The important consequence: every change in the container lives in the writable layer, and the writable layer vanishes when the container is removed. Data you want to keep (a database, uploaded files) can't live in the container — that's why volumes exist, the topic of Article 6.

Putting it together: what a container is

Combining the three pieces, the definition of "container" becomes concrete: it's one (or a few) Linux processes that the kernel gives their own namespaces (so they believe they have their own system), are limited by cgroups (so they don't wreck the machine), and run on a union filesystem stacked from read-only image layers plus a writable layer (so they're light and fast).
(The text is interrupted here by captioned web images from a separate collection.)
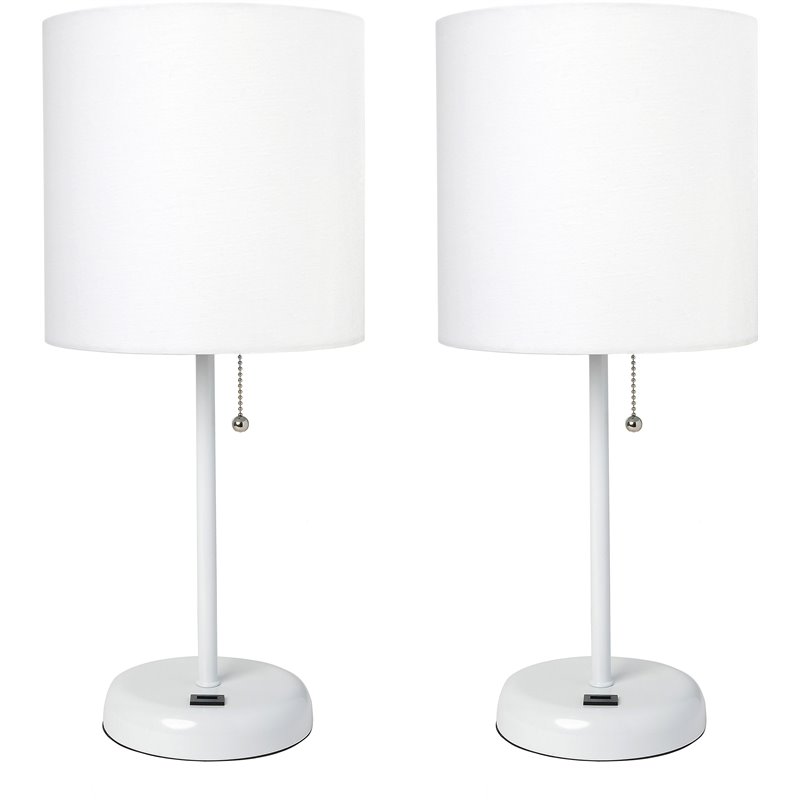 LimeLights Metal Stick Lamp w/ USB Port 2 Pack in White with White Shade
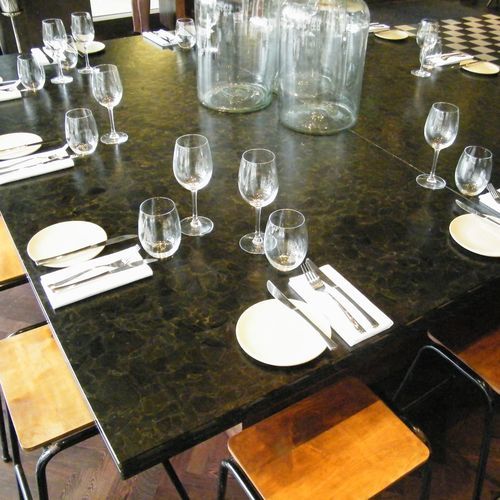 Plan de travail en verre - CHAMPAGNE - OCCITANIE PIERRES - marron / poli / lisse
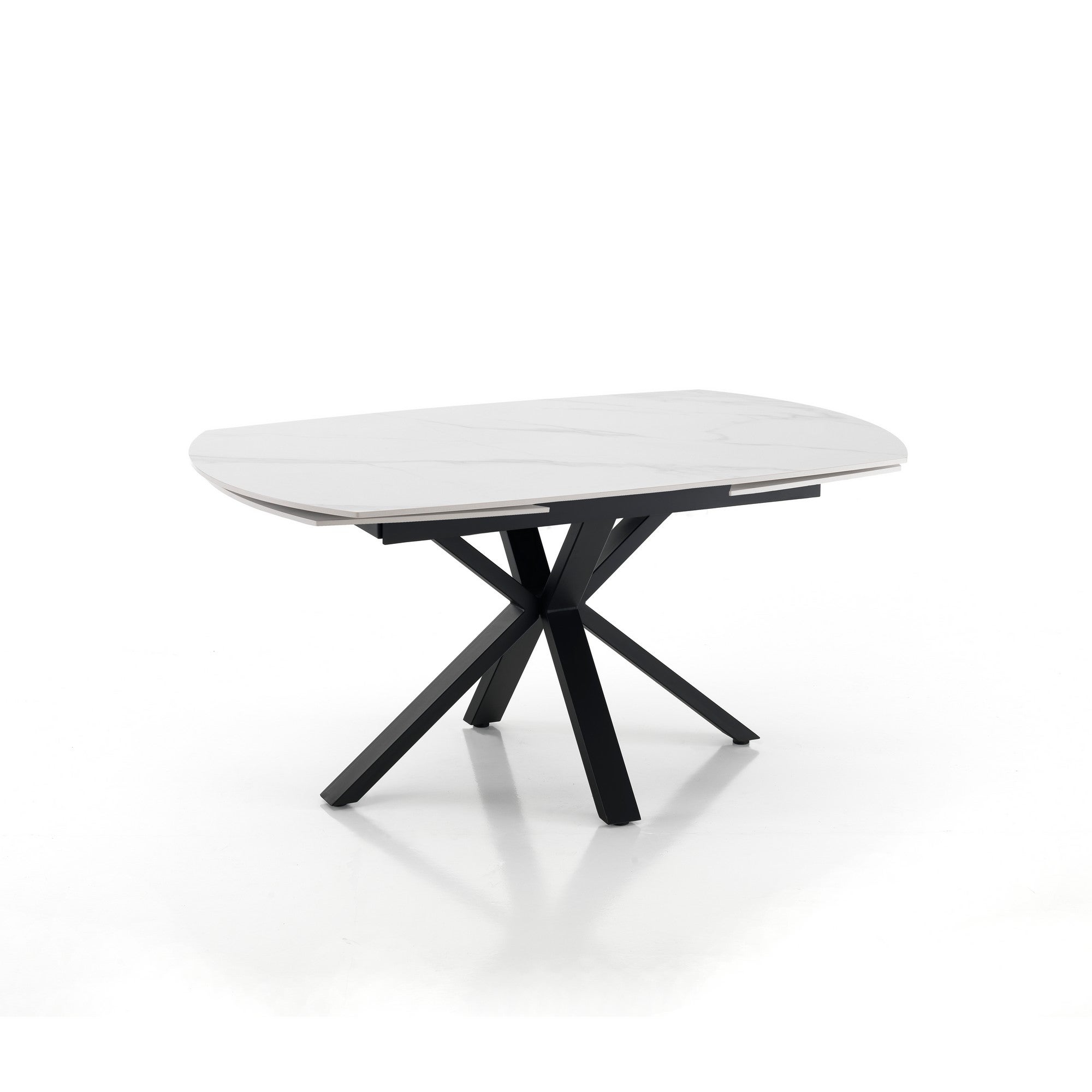 Rozkładany stół ZOE WHITE MARBLE z białego marmuru, ceramiki i czarnej struktury H75 W140/210 D90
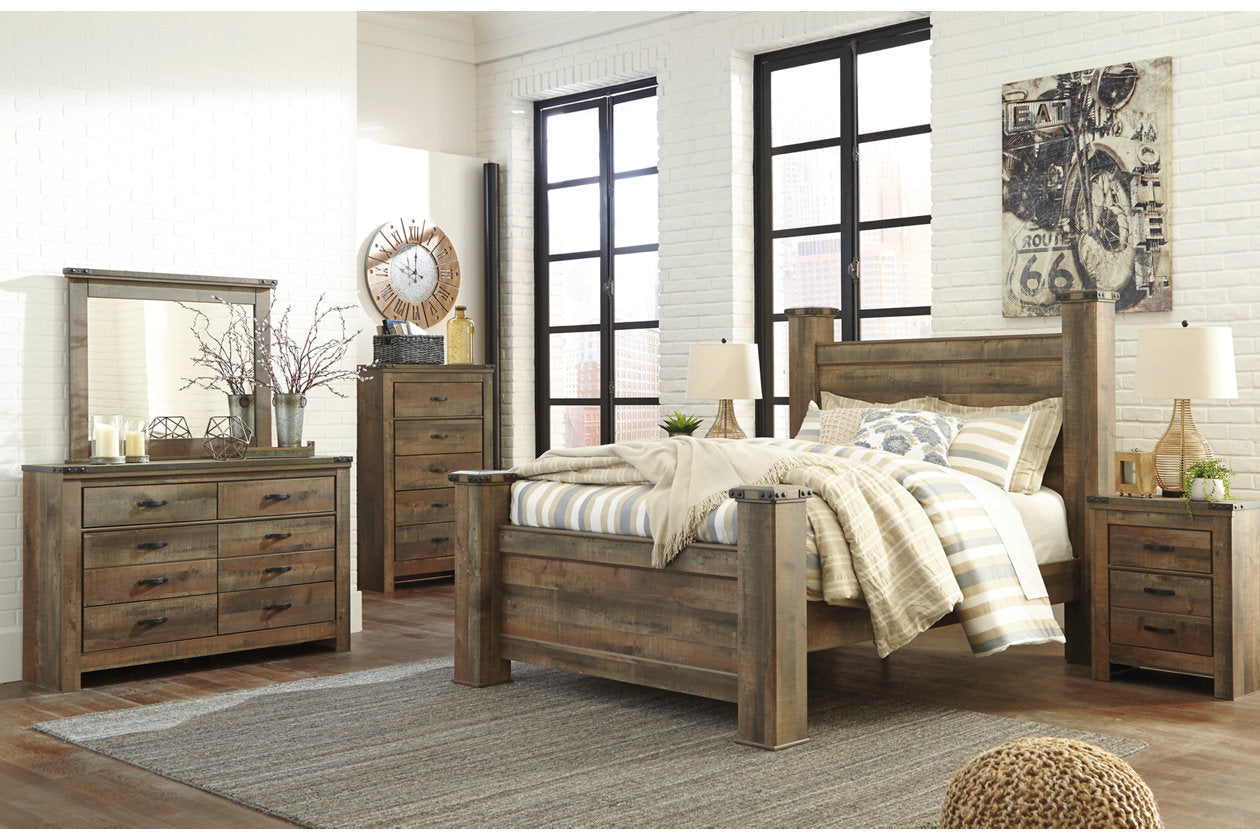 Trinell Brown Queen Poster Bed - SET | B446-61 | B446-64 | B446-67 | B446-98 - Bien Home Furniture &amp; Electronics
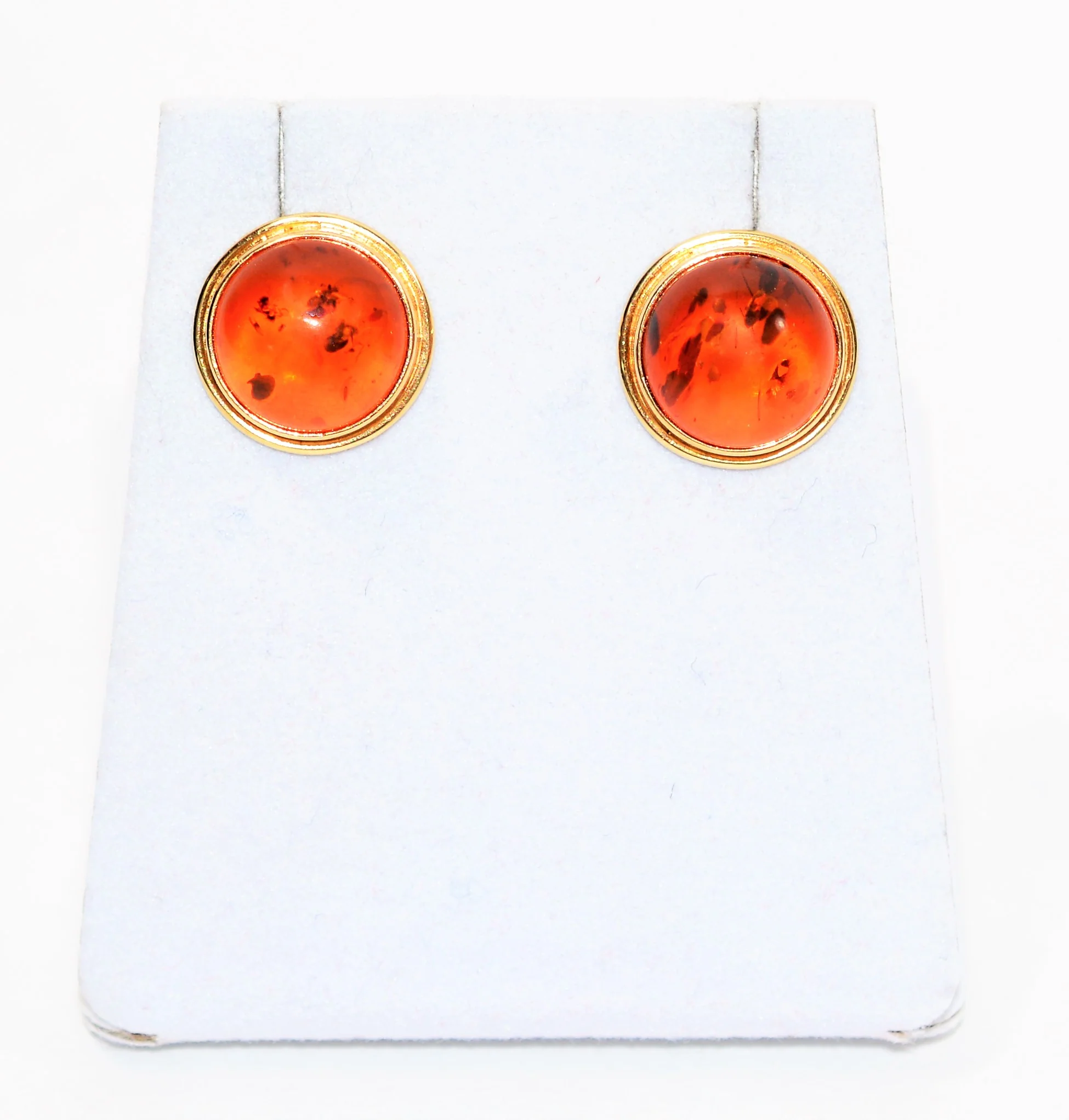 Natural Amber Earrings 14K Solid Gold Earrings Solitaire Earrings Stud Earrings Statement Earrings Estate Jewelry Vintage Women's Earrings - Image 10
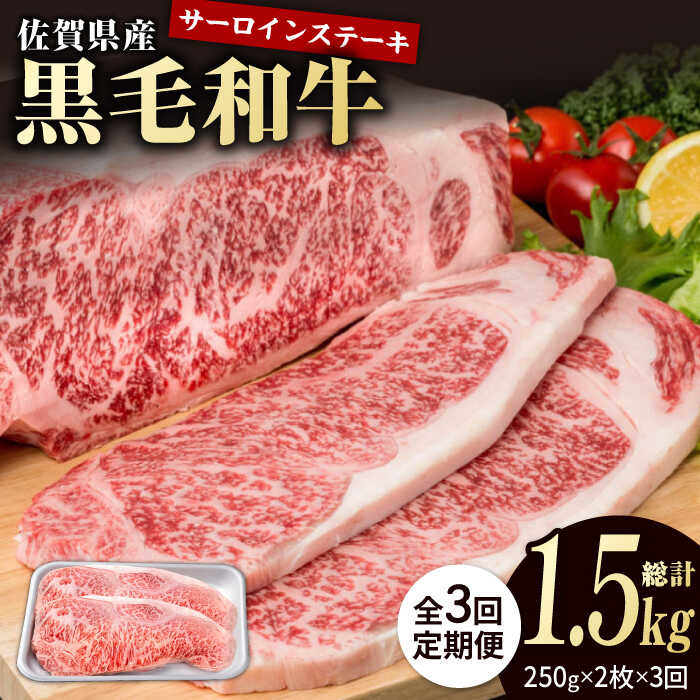 【ふるさと納税】【3回定期便】佐賀県産 黒毛和牛 贅沢 サーロイン ステーキ 250g&times;2枚（計500g）【株式会社いろは精肉店】佐賀産和牛 ステーキ肉 お肉 肉 牛肉 冷凍 和牛 国産 おすすめ 白石 [IAG087]｜佐賀県白石町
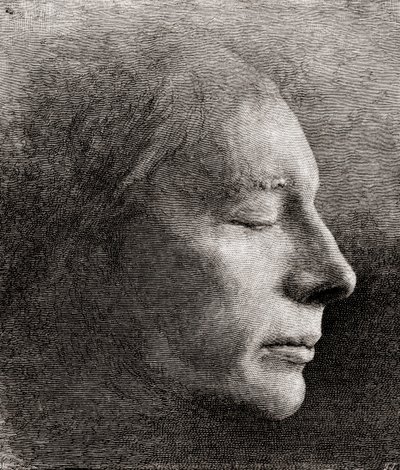 ジョン・キーツのデスマスク、1884年発行の『The Century Illustrated Monthly Magazine』より（エングレーヴィング） 作： American School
No guest operating system, no hardware virtualization. Just the host's Linux kernel, used cleverly. That's the entire "secret" of containers.

Wrap-up

  • Namespaces isolate the view (PID, NET, MNT, UTS, IPC, USER) — verify with /proc/self/ns/ and ps in a container.
  • Cgroups limit resources — verify with --memory and /sys/fs/cgroup/memory.max.
  • Union filesystem stacks read-only layers + one writable layer, using copy-on-write — view with docker history and docker image inspect.

These first two articles give you the foundation to understand everything that follows. From Article 3, we roll up our sleeves and get hands-on: installing Docker (if you haven't) and properly running and managing your first container's lifecycle.